[Originally published in March, 2012.]
The magic, they say, happens after the lights dim and the images begin to flicker on the screen. In this case, though, for most, there would be little magic as the story was already known. But for others who were young like me, black like me, and torn asunder by my queer loins like me, the movie represented the quintessential combination of anticipation and dread.
Somehow viewing Franco Zeffirelli’s Romeo and Juliet at some now-forgotten movie house became a ritual for the English classes at my school. Seems like we did it at least twice, if not three times. Field trips were commonplace at this school. Once a few of the science classes went to the scene of a recently extinguished wildfire to observe how some plants have adapted to thrive and propagate in such a harsh environment. We had no gym, so for physical ed sometimes we took a quick hop to a local skating rink and worked out to the Stones’ “Start Me Up” or other hits of the day. Sometimes we went to Griffith Park and hiked in the hills. Once a group of us made it all the way to the Observatory — and got in big trouble upon our return for making the group late getting back to school because of our extended sojourn. The R & J trip saw the English teachers leading the pack. I expect we had read the famous tragedy aloud beforehand in class, though I can’t recall now. We often read the classics aloud in class, each of us taking parts.

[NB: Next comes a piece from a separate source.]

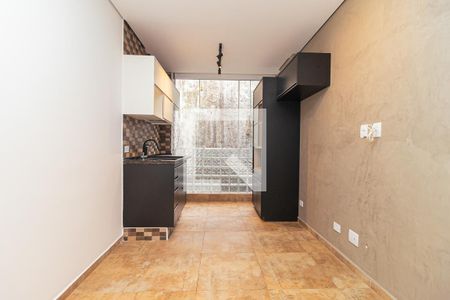 Sala de apartamento para alugar com 1 quarto, 46m² em Bela Vista, São Paulo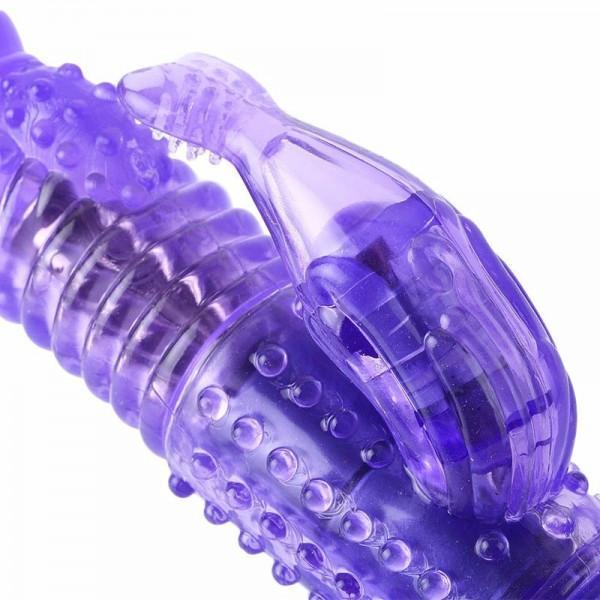 Silicone VIBRADOR TRUMAN RABBIT for soft and comfortable feel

The repeat viewing I do recall. Though I’m sure most were glad to get away from the campus and do something different, that didn’t stop them from grumbling about seeing such a “nerdy” film. Star Wars had already changed the film landscape by that point, so expectations for film watching were correspondingly higher. Nope! my English teacher declared with her characteristic, ever-present smile, we’re watching a classic. I didn’t mind the trip or the film and remembered it from the year before, though a phantom menace did shadow me, which I kept closely guarded.